DaemonSet: Cloud providers that does not support built-in storage and/or has no native support in Kubernetes (eg, DigitalOcean, Linode) can't use StatefulSets to run stateful apps. Stateful apps running in these clusters must use hostpath to store data or risk losing it when pods restart. StatefulSet can't dynamically provision host path bound PVCs. In these cases, we could use DaemonSet. We have to use hostpath or emptyDir` type PV with the DaemonSet. If DaemonSets are run with pod network, no stable ID is possible. If DaemonSets run with host network, then they might use node IP. Node names are generally not routable. But Node IPs are not stable either, since most times these are allocated via DHCP. Also, for cloud providers like DigitalOcean, host network are also shared and not safe to run with out authentication.
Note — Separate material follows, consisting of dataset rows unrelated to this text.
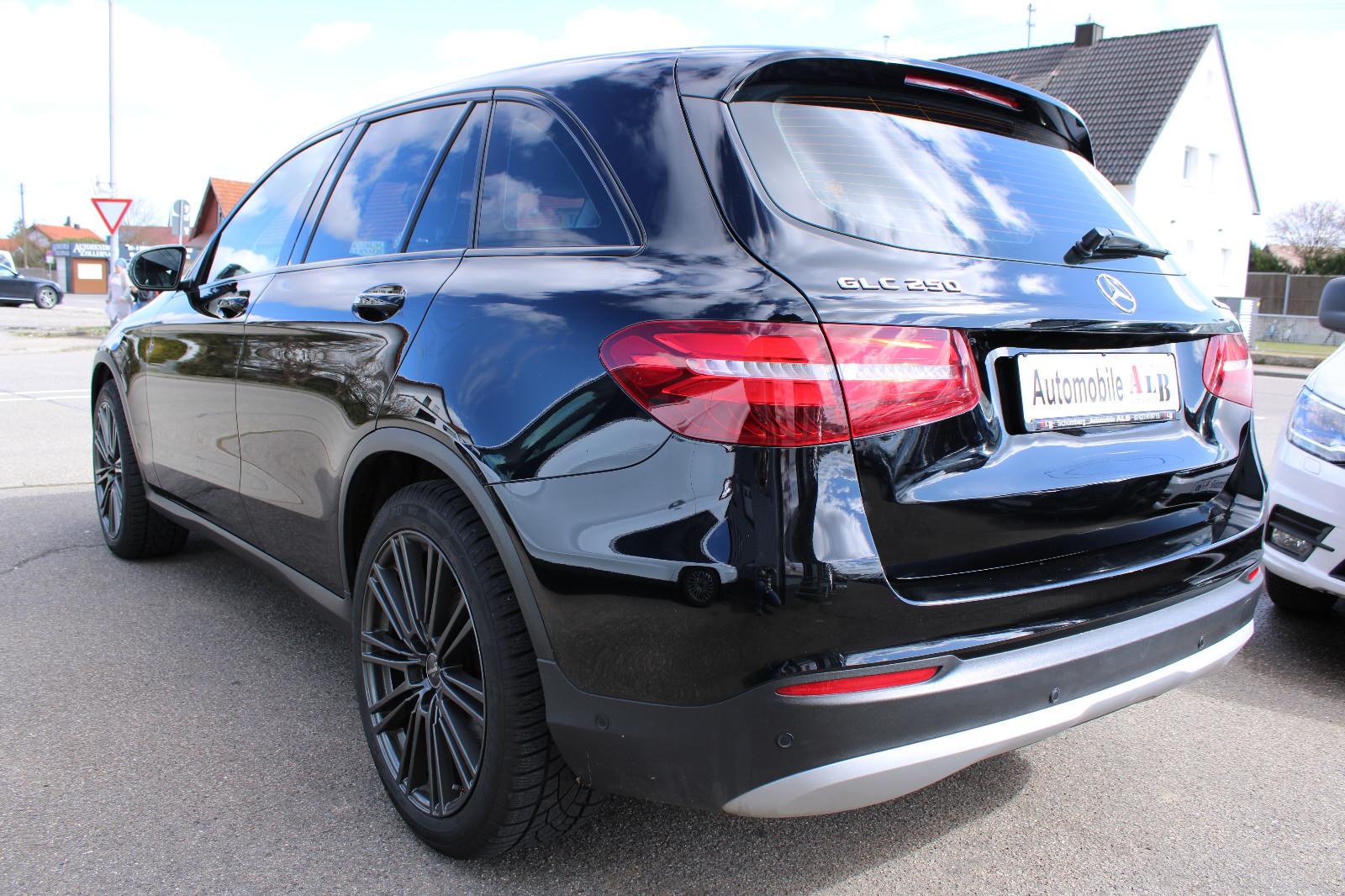 Mercedes-Benz GLC 250 4Matic *WENIG KM*AUTOMATIK*NAVI*LED*AHK*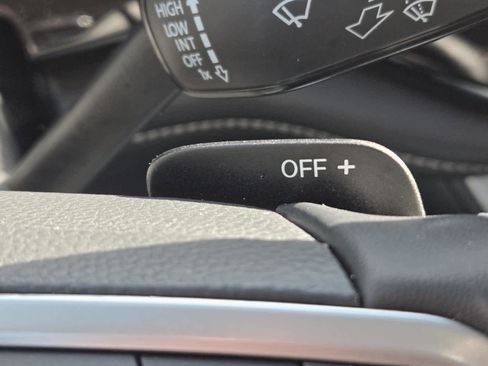 Certified 2025 Volkswagen Atlas SE image 33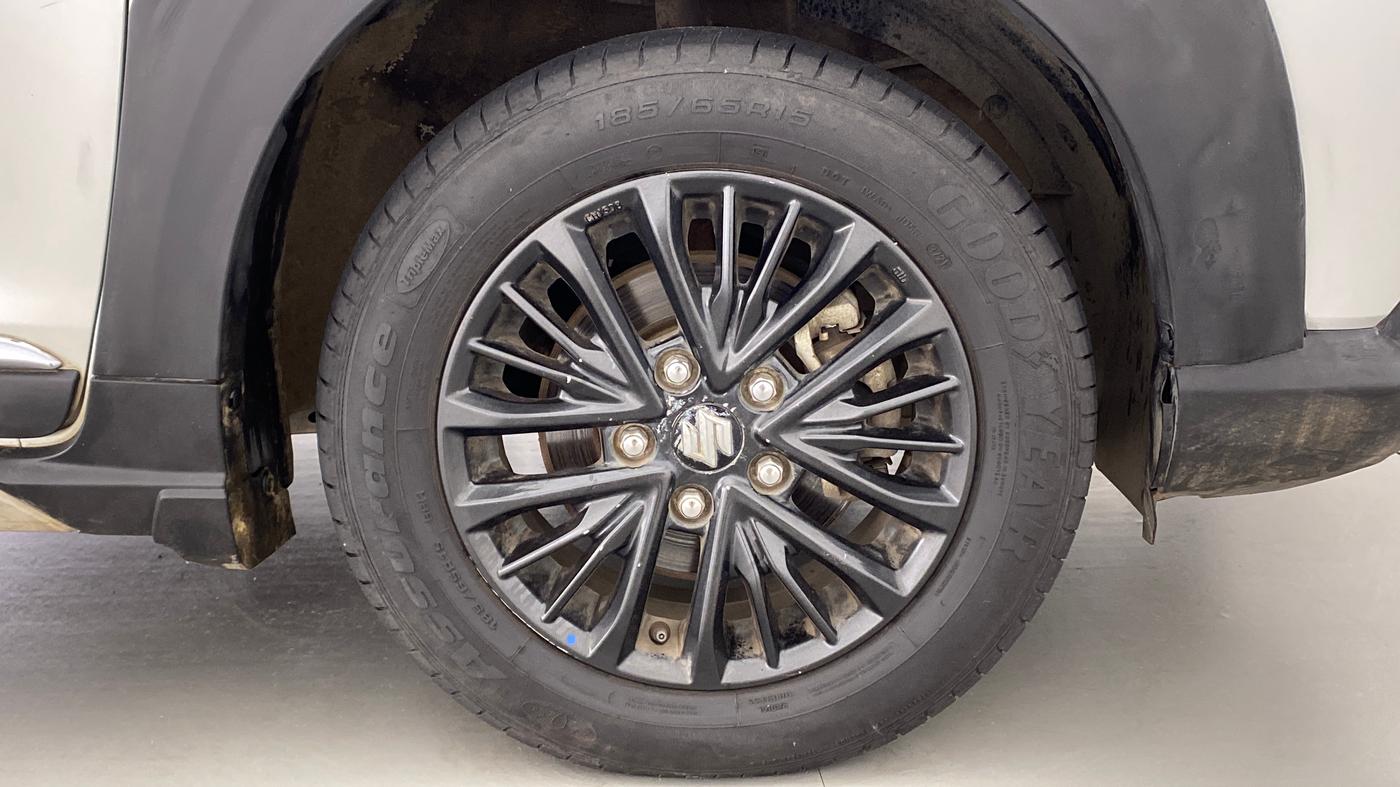 2020 Maruti XL6 ZETA AT SHVS, Petrol, Automatic, 63,285 km, Right Front Wheel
Luckily, we can achieve something similar to StatefulSet in such providers. The underlying process is based on how named headless services work as described here: https://kubernetes.io/docs/admin/dns/ .
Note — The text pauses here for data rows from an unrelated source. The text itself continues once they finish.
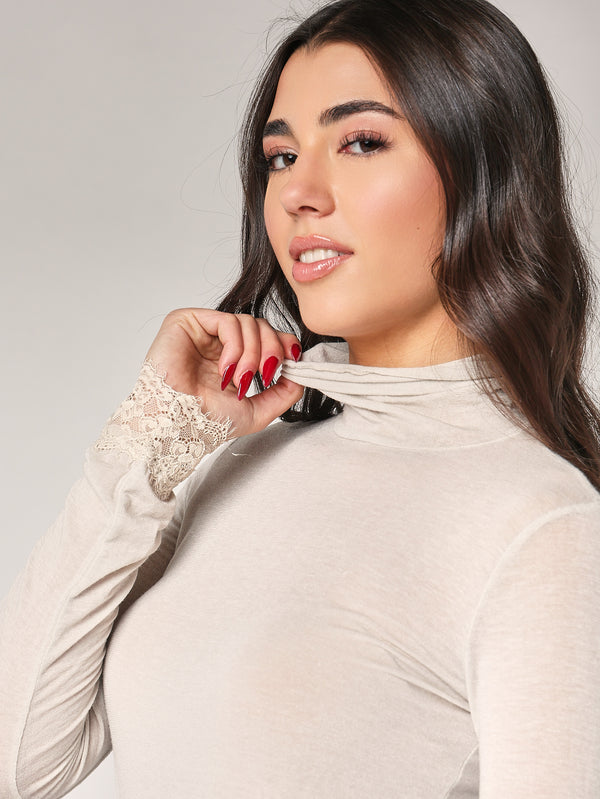 Dolcevita cashmere con pizzo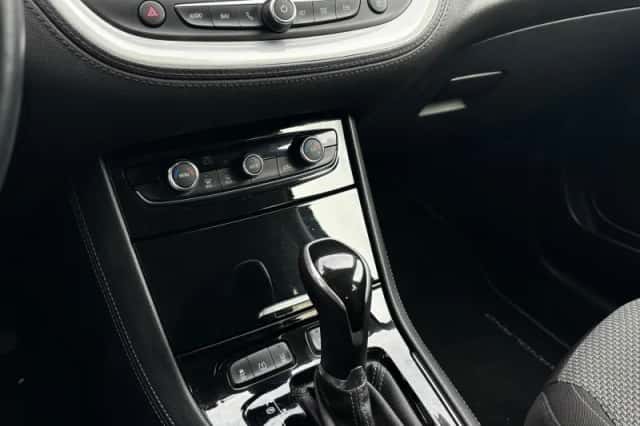 Opel Grandland X (2019) thumbnail 15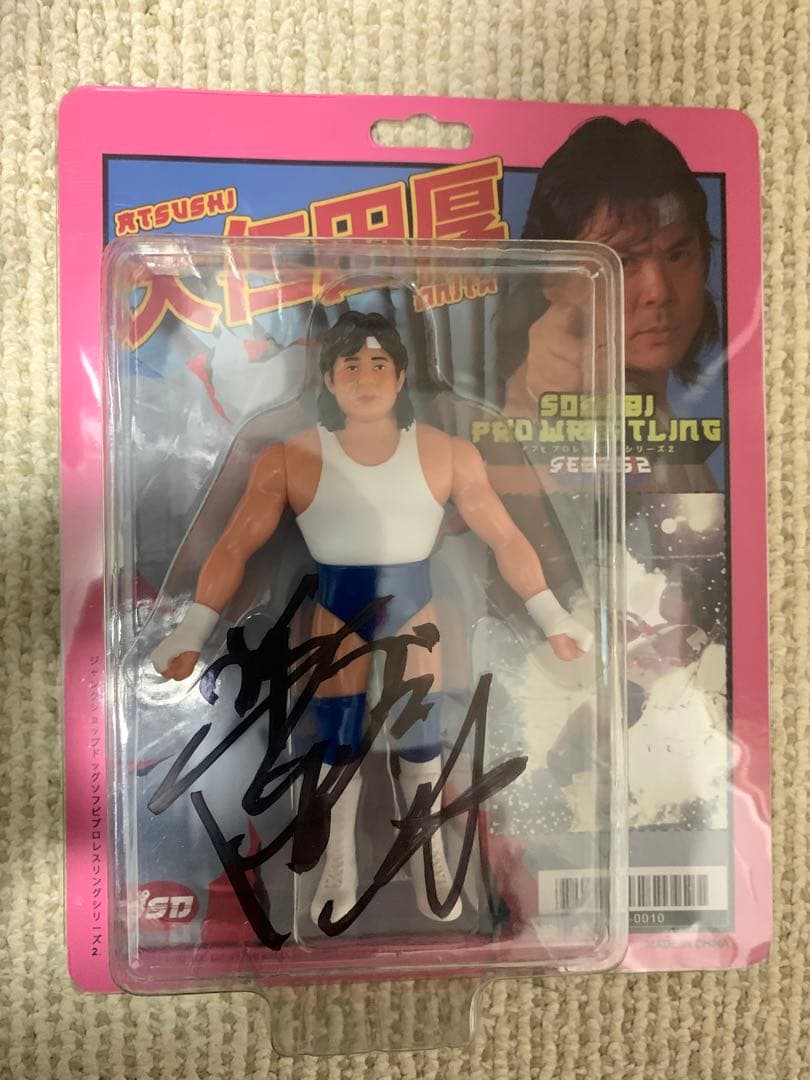 大仁田厚　直筆サイン　フィギュア　プロレス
In these types of providers, we have to run N ReplicaSet with replica=1. We can use a fixed hostpath. We can chose N nodes and index then from 0..n-1. We apply a nodeSelector with these RCs to ensure rc with index i always runs on node with index i. Since they are on separate node, they can safely use same host path. For network ID, we set both hostname and sub-domain in the PodTemplate for these RCs. This will give the pods a dns name the same was StatefulSets pods get. Since these pods are using pod network, it should be safe to run applications without authentication. Now, we have N pods with stable name and running on different nodes using hostpath. Voila!

To simplify the full process, we can create a new TPR called Flock. We implement GlusterFS or KubeDBs using this TPR. The Flock controller will be in charge of translating this into the appropriate Kubernetes object based on flags set on the controller.
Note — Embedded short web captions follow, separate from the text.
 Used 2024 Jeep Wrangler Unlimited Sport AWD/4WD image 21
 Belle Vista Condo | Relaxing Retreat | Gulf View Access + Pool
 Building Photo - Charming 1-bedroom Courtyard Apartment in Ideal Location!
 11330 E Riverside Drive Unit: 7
@tamalsaha tamalsaha changed the title StatefulSet | DaemonSet for stateful apps Proposal: Implement stateful TPR Flock Mar 2, 2017
@sadlil
Copy link
Contributor

sadlil commented Mar 2, 2017

we have to run N ReplicaSet with replica=1. We can use a fixed hostpath. We can chose N nodes and index then from 0..n-1. We apply a nodeSelector with these RCs to ensure rc with index i always runs on node with index i.

What if Floc.Spec.Replica > Node Count? we can't use fixed hostpath if multiple pod running on same node.

@mirshahriar
Copy link
Contributor

@sadlil, we need to make sure that Flock.Spec.Replica will not greater than total node.

@tamalsaha
Copy link
Member Author

Filed this proposal in Kube. kubernetes/community#424 . At worst, they think I am crazy.

@tamalsaha
Copy link
Member Author

tamalsaha commented Mar 2, 2017

Based on my conversation on Slack, it might be possible to implement a Dynamic Hostpath PV provisioner. And the StatefulSet can use that.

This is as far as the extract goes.